Book review: Functional programming in C#

I have been interested in functional programming for quite some time, experimenting with both F# and Clojure as well as trying out some Scala. But I must admit that I have never really put full focus on it for any longer period, not until I found this book:

Book cover

Functional programming in C# – How to write better C# code is a book by Enrico Buonanno, a CS graduate from Columbia University with over 15 years of experience as a developer, architect, and trainer. It is published by Manning and you can find it at https://www.manning.com/books/functional-programming-in-c-sharp.

What made this book appealing was that it is written for developers who are fluent in C#, a language that I know quite well, meaning I did not have to struggle with both a new language and all the new concepts and ways to think that comes with functional programming. In retrospect this was a really nice way to learn what functional programming is all about.

This book is not for the beginner programmer. It goes into several advanced topics in depth and I would only recommend it to an experienced C# developer who is willing to spend a lot of time and energy on learning about functional concepts such as immutability, functors, monads, partial applicaction, currying and the likes.

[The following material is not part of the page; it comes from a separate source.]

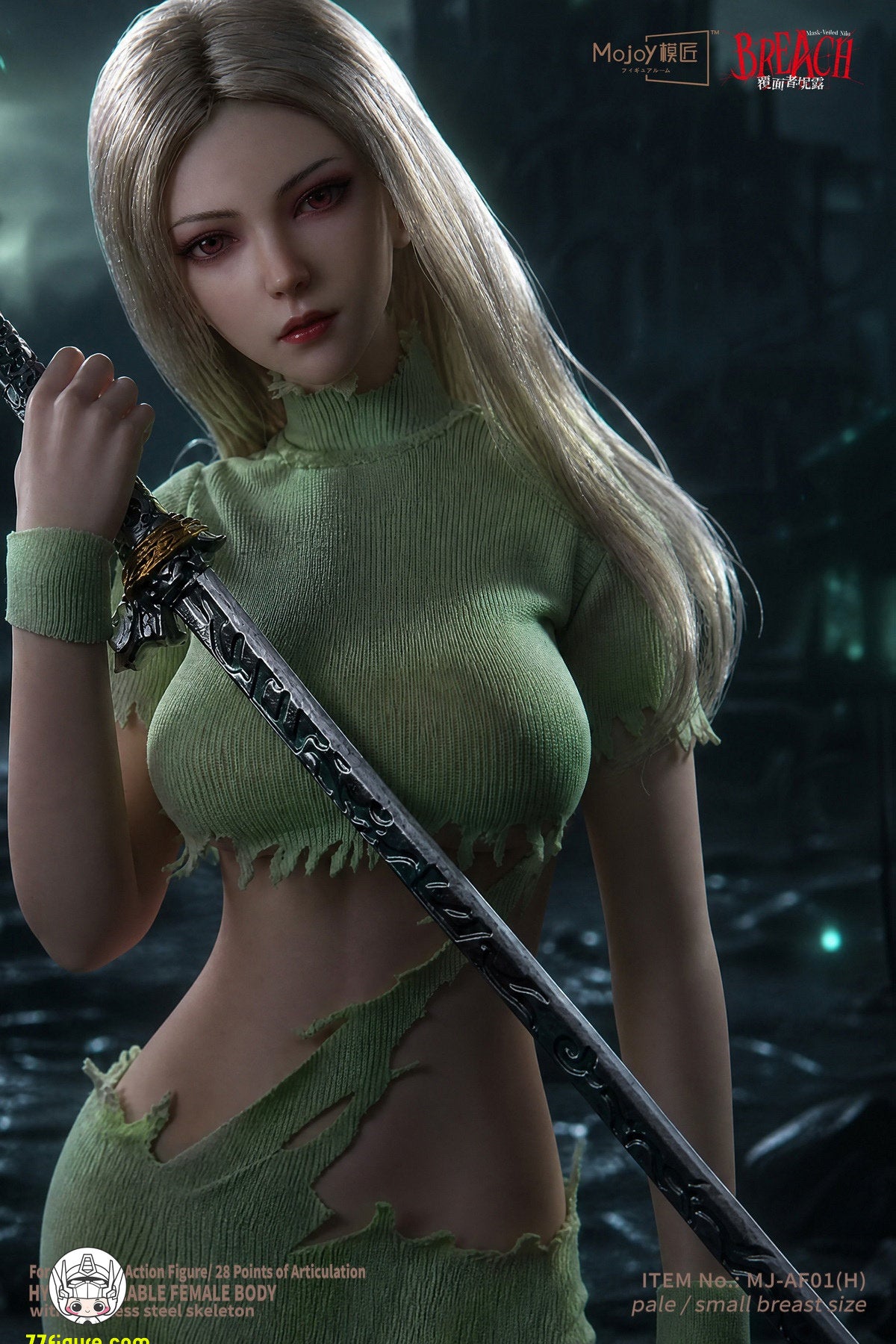 【予約商品】Mojoy 1/6 MJ-AF01H スレンダーガールボディ ヘッドスカルプ付き グリーンVer. 塗装済み可動フィギュア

With that said, if the above description fits you, I can really recommend that you give this book a try. It describes a lot of concepts and has a lot of sample code and coding excercises. The first eight chapters all ends with a bunch of challenging excercises for the reader and there is also a github repository available that includes the authors own functional library and excercises and solutions from the book. You can find the repository at https://github.com/la-yumba/functional-csharp-code.

The only critique I can give is that I think that it would have been better if the author used the well established language-ext library instead of developing his own. When comparing the two I get impression that the authors library is pretty much a subset of language-ext and does not add anything I don’t get from language-ext.

I feels nice to finally understand what a monad is. My next step on this journey will probably be to take a deep dive in a pure functional language (like Haskell).